Carolyn Taratko, PhD, is a Research Associate and Lecturer at the Chair for the History of Knowledge. She joined the University of Konstanz in the summer term of 2020. She received her PhD in 2019 from Vanderbilt University. Her dissertation, "Feeding Germany: Food, Science, and the Problem of Scarcity, 1871–1923," examines the centrality of concepts of food security in modern Germany as it became a site of increased professional specialization within a globalized food system. It traces how nutritional science emerged as an important organizational innovation for rationalizing and managing the food supply and influenced ideas about food, feeding, and land use.
Ester Bardone, PhD, is a lecturer in ethnology at the University of Tartu, Estonia. Her research interests and publications focus on historical as well as modern food culture, rural entrepreneurship, critical heritage studies and tourism research. She has co-authored the book “101 Estonian dishes and foodstuffs”. Additionally, she has been involved in applied ethnological food research participating in regional as well as governmental projects and in teaching in adult education programs about heritage tourism and food tourism. With Anu Kannike she has co-authored several articles on food history, food heritage and contemporary food culture.
Paulina Rytkönen, PhD, is a senior lecturer in Business studies and an associate professor (since 2012) in economic history, with focus on entrepreneurship. PhD in economic history from Lund University (2004). Employed at Södertörn University since 2003. Main research interests are agro-food history, a vast area of research within which she has studied the impact of globalization and localization processes at global, national and local level, mainly within the wine, fruit and dairy industries; rural entrepreneurship and diffusion of innovations, both in historical and contemporary perspectives, as well as gender issues.

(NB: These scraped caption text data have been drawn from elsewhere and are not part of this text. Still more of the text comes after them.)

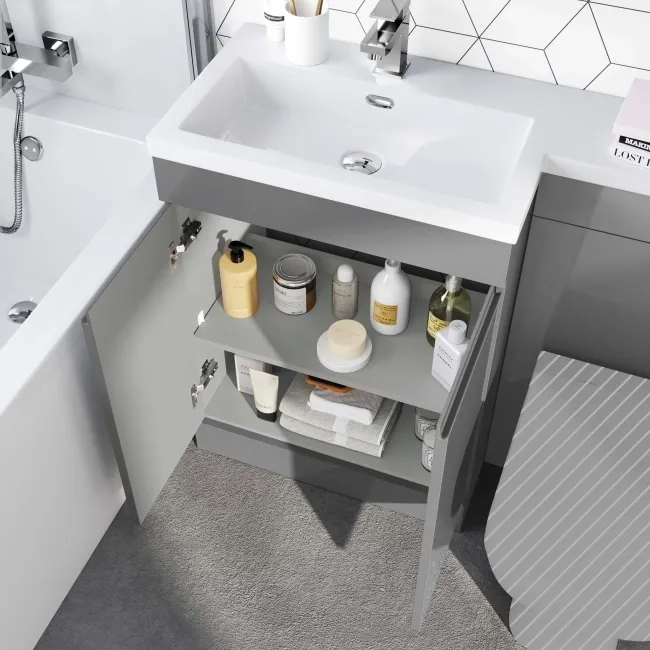 Trent Stone Grey Basin Vanity and Back To Wall Unit 1100mm - Left Handed
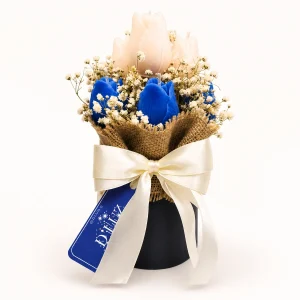 Mini bouquet de tulipanes azules/taxo, 10 unidades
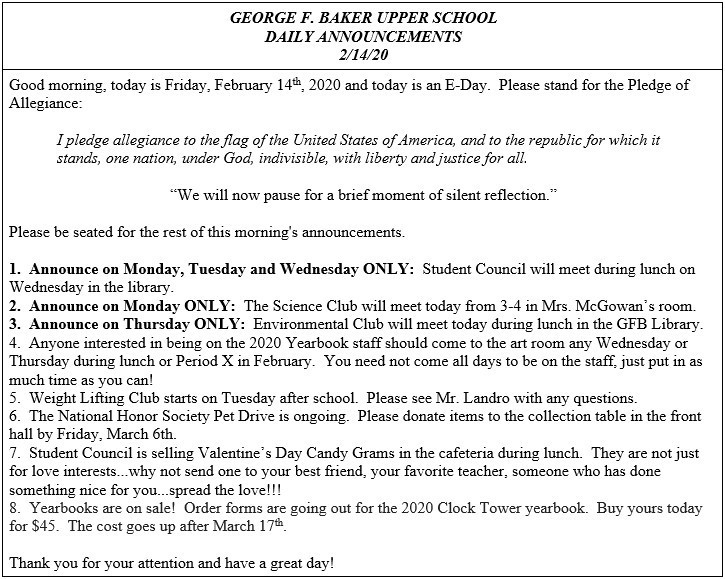 Daily Announcements 2/14/2020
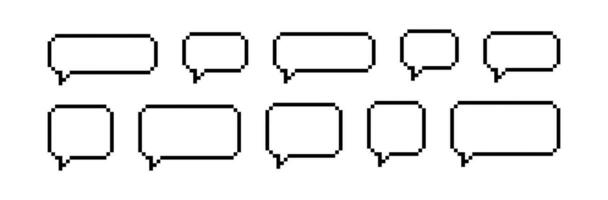 Pixel speech bubbles pack. Text boxes for chats and games. Vector illustration in 8 bit pixel art style.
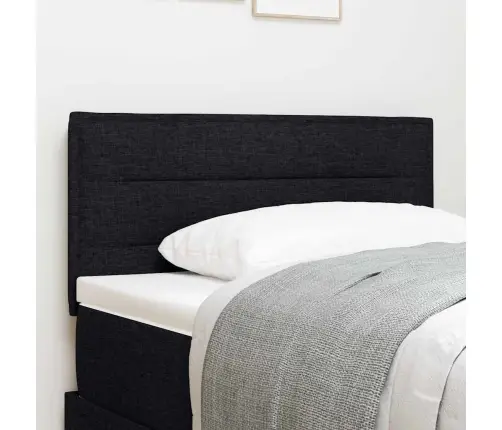 Gultas Galvgalis Līniju Dizains Melns 90 Cm Audums Vidaxl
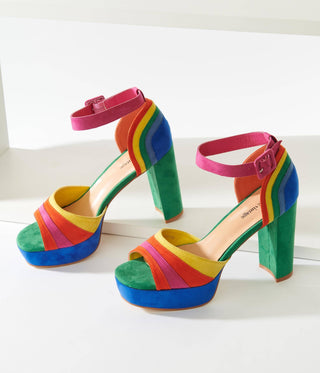 Rainbow Suede Peep Toe Pumps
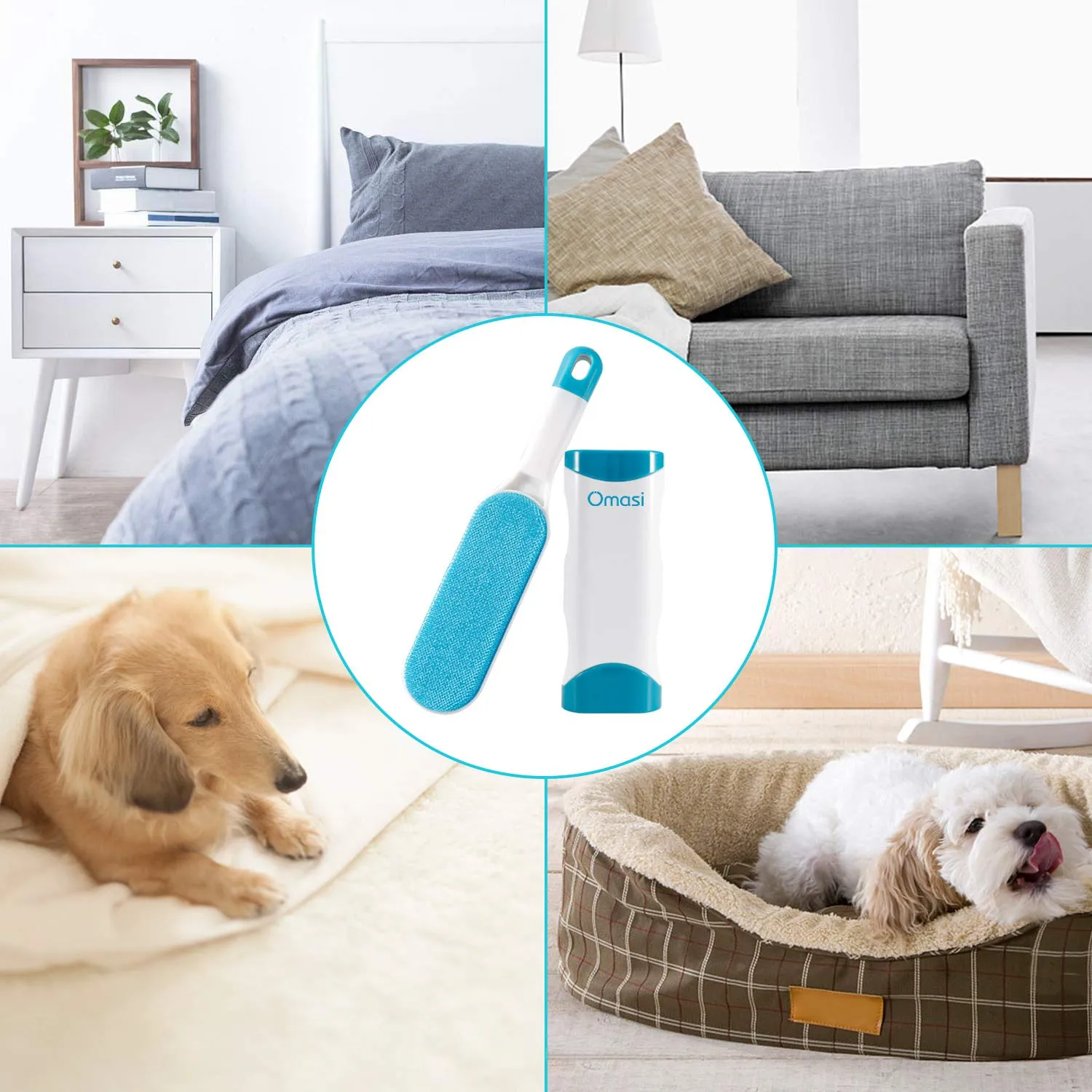 Omasi Togli Peli Animali, Leva Peli Animali Animali Domestici peli Rimozione Spazzola Peli Cane Gatto, Rimuovi la Pelliccia su Cuccia, Tappeti, Vestiti e Divani - immagine 9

Julia Malitska, Ph.D, is a historian and an author of Negotiating Imperial Rule: Colonists and Marriage in the Nineteenth-Century Black Sea Steppe (2017). She is currently a postdoctoral researcher at the Centre for Baltic and East European Studies (CBEES) conducting a research on the genealogy of dietary reform activism across the Russian empire from the 1860s till the 1920s. Her interests include the history of science and nutrition, as well as biopolitics in East Central Europe in the 19th and 20th centuries.